Adventures in Caring Foundation Video Series
We have conducted numerous interviews and
questionaires of health care professionals, patients, and family, asking what
they need in order to improve health care. The most obvious need is for more
compassion. We have identified
four elements of behavior that are always present when compassion is felt by
the people involved (patient, family, health care professionals). It is our
experience that every human is naturally compassionate and that, while we can
teach the components of compassionate behavior, there really is no need to
teach people to be compassionate.
The objective of our three-part video series is to help remove the barriers to natural compassionate behavior. Those barriers may take a lifetime to remove, but we can at least begin the process now.
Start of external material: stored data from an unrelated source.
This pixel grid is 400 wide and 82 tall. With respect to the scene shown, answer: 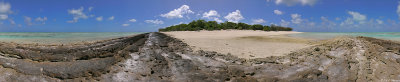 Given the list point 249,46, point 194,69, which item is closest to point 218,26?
point 249,46

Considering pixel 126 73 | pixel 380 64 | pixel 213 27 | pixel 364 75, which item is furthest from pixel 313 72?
pixel 213 27

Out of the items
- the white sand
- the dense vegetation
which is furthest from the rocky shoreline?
Result: the dense vegetation

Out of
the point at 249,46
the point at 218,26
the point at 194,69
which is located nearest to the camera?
the point at 194,69

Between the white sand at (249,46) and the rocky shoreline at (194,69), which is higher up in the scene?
the white sand at (249,46)

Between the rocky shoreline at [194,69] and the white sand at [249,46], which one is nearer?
the rocky shoreline at [194,69]

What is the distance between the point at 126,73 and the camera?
3.70 m

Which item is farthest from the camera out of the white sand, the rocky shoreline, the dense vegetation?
the dense vegetation

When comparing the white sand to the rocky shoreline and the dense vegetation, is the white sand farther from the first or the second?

In interviews with health care professionals, we discovered six general areas of blockage that this tape series will be able to address:
Much of formal health care education today de-emphasizes compassion and emotions, or actively teaches that these are unimportant distractions to most treatment plans. Partly as a result of this intentional educational bias, and partly because our culture has become increasingly fragmented, many health care professionals are confused about what compassion is or how it could be applied. The current atmosphere of rushed treatment plans (often associated with HMO business strategies) creates a belief among health care professionals that they are not allowed to be compassionate because it will take extra time. They often are both unsure of the importance and untrained in the skills of empathy…of putting themselves in the patient's or family members' experience. In addition, there are several specific types of circumstances involving emotional reactions of patients and family that many health care professionals find very difficult and feel underprepared when required to respond. Health care professionals often feel dissatisfied with their jobs, under-appreciated by their peers and patients, over-stressed and under-compensated. As with patients' emotions, health care professionals are also under-prepared to deal with these feelings when they arise in themselves and their colleagues and when not addressed, these feelings can lead to abandoning health care altogether. We will be using interviews with top authors in health care to support and explain what the audience views, and perhaps more importantly, to tell stories of personal experiences that illustrate one of the six teaching points noted above.